■ **Prompt**
Once you reach the line containing "Certified Used 2025", reproduce it and every later line exactly, through the end of the data.
Segment Start: Records for this exercise
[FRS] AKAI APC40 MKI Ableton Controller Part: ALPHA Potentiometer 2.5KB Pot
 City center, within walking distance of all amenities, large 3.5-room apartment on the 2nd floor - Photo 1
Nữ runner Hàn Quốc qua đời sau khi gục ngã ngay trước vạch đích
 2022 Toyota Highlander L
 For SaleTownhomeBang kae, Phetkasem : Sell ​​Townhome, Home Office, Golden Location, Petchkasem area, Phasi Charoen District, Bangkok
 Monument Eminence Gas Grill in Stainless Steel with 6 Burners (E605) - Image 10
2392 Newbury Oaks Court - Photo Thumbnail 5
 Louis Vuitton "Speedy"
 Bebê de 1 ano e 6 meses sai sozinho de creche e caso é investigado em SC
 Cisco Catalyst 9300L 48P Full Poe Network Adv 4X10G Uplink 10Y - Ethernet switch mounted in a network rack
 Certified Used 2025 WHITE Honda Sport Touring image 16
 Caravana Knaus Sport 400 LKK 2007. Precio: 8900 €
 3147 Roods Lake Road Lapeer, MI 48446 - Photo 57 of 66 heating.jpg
Segment End: Records for this exercise
■ **Response area**
 Certified Used 2025 WHITE Honda Sport Touring image 16
 Caravana Knaus Sport 400 LKK 2007. Precio: 8900 €
 3147 Roods Lake Road Lapeer, MI 48446 - Photo 57 of 66 heating.jpg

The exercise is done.